Видимо, отсечь последствия от причины.
Мы вынуждены тереться друг о друга, не решив вопроса, кто мы — разные по национальности и вероисповеданию люди, которые живут в Москве и, шире, в России. Какую общность мы представляем — свой этнос, свою малую родину, свою социальную группу, профессиональную страту, свою религию, диаспору? Если актуальны только эти определения, но более не актуально ничего, то есть все основания бояться чужого и отвоевывать свое. Кто мы друг другу в России, на основании какого кода нам коммуницировать? Того, что наши отцы служили вместе в Советской армии и состояли в КПСС, а еще раньше был Сталинград? Не получается. На улицах бьется молодежь, для которой СССР — каменный век.
Про что нынешняя Россия вообще? Про заработок любой ценой — хоть сдачей квартир 20 нелегалам, хоть крышеванием овощебазы? Про ощущение, что после нас хоть потоп — уедем в Европу, уедем в Азербайджан? Или про язык, культуру, цивилизацию?
Мы попали в кризис идентичности — старой советской уже нет, новая идентичность не состоялась.
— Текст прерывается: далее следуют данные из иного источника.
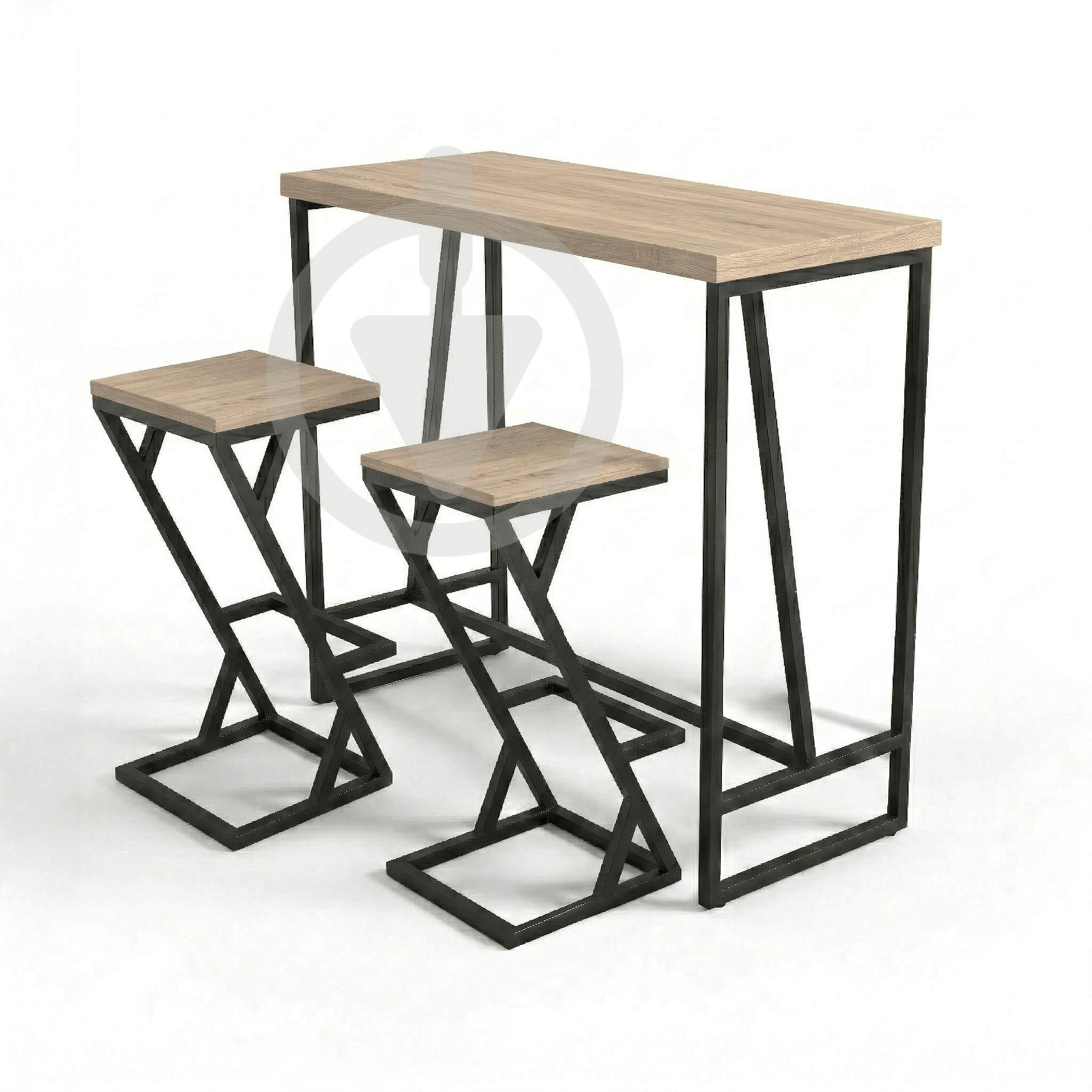 Барный стол со стульями AVVS Лофт 1110х470 мм ДСП 36 мм/металлический каркас Черный/Дуб Сонома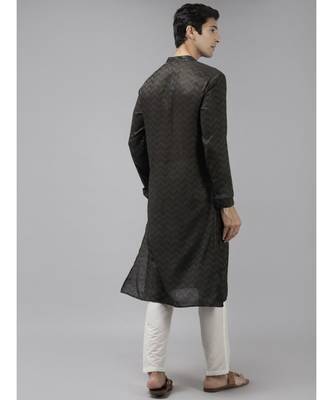 Men Olive & Beige Woven Design Thread Work Kurta With Pyjama 2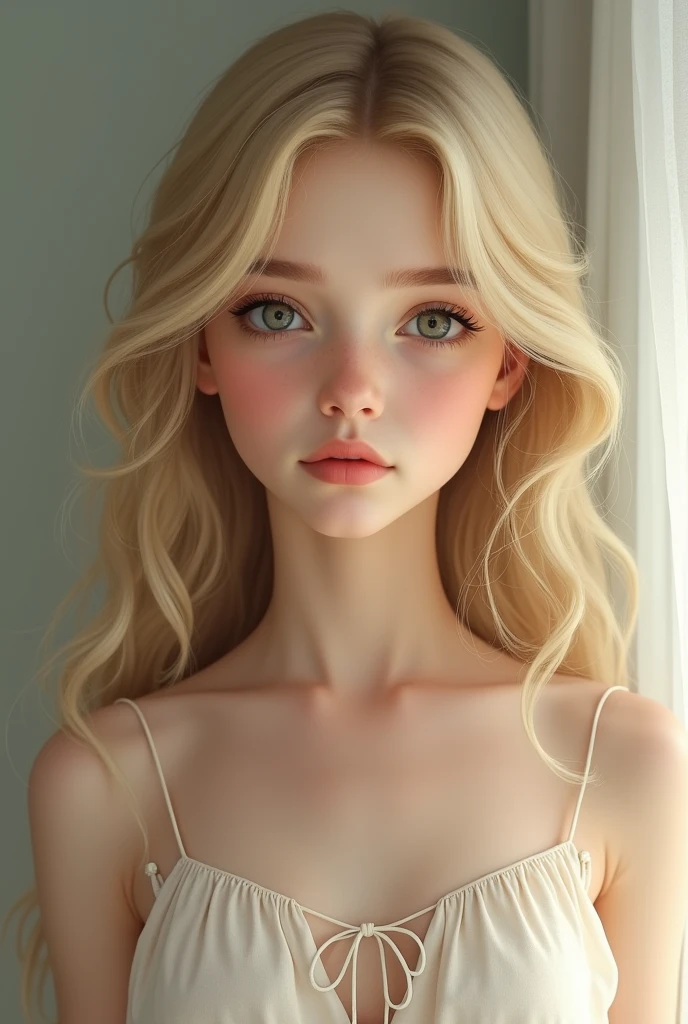A 14 year old middle class blonde with brown eyes and a realistic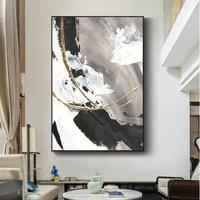 Meilleure Vente : Peinture à l'Huile Abstraite 100% Faite Main pour Décoration de Salon Nordique, Noir Blanc Gris, Logo Personnalisé, sur Toile en Tissu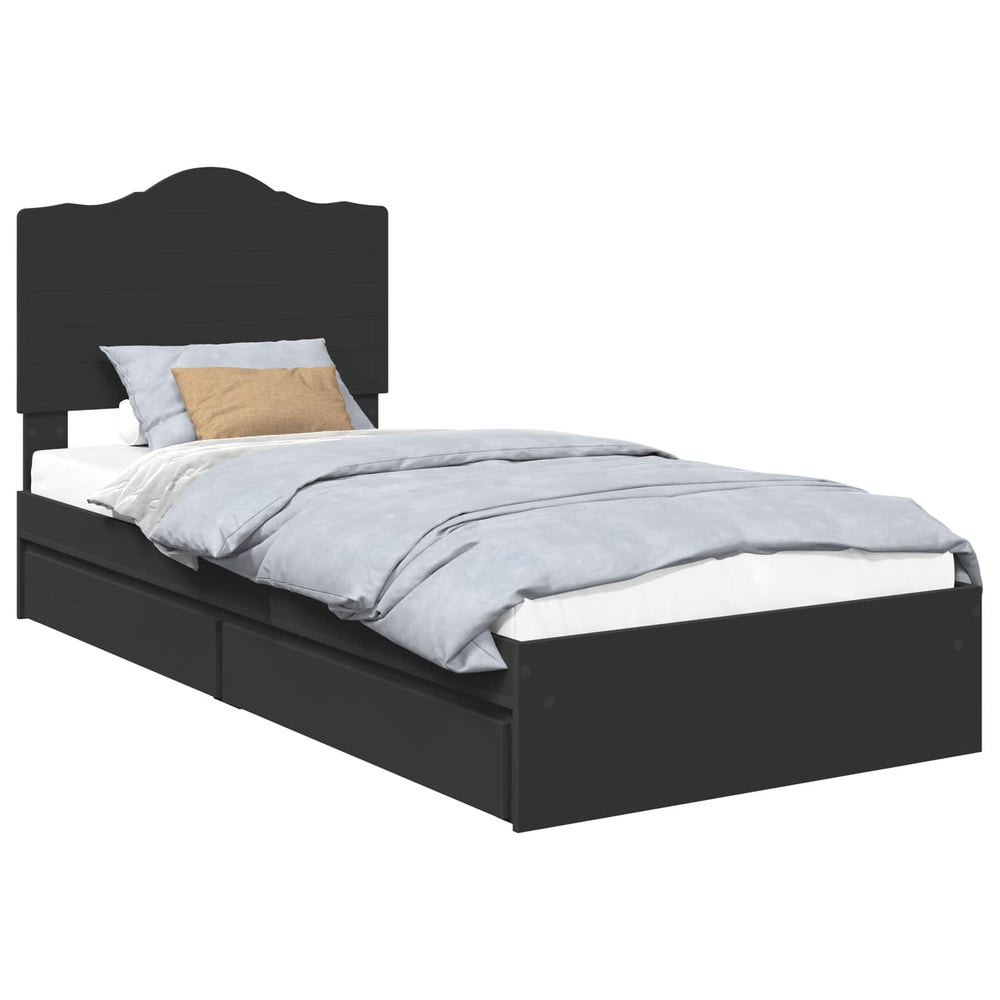 vidaXL Adjustable Storage Bed Black 70 x 190 cm Engineered Wood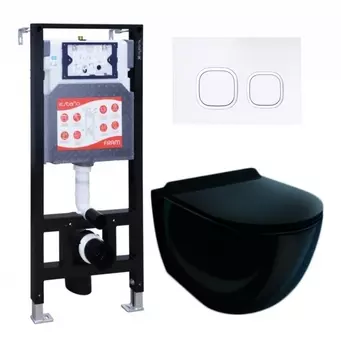 Комплект 3 в 1 инсталляция ESBANO FRAM + Унитаз подвесной Esbano Garcia ESUPGARCB + кнопка белая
По Бирюлево разбросаны ее осколки — стекла и арбузы. И это страшно, да. И заставляет изучать в зеркале свой цвет волос. У меня на сегодняшний день тоже темноваты.
На вопрос «что теперь делать со своим страхом?» блондинкам и брюнетам, похоже, есть два ответа. Совершить транзит от постсоветской империи, где каждый боится чужака, охотится на него, зарабатывает на нем или морочит ему голову, к новой идентичности на основе русского цивилизационного проекта, не этнического, а культурного. К пониманию — кто мы, зачем и что тут делаем. Из разномастного «населения», не имеющего субъектности, бредущего уже 20 лет по пустыне алчности и политических манипуляций, стать единой гражданской нацией. Или не стать. Не факт, что сейчас все граждане России этого захотят. И это вопрос не к чужим, а ко всем своим — успеем ли сменить ярость разрушения на столь же истовое созидание? Но других вариантов нет. Жить в страхе и неопределенности больше невозможно.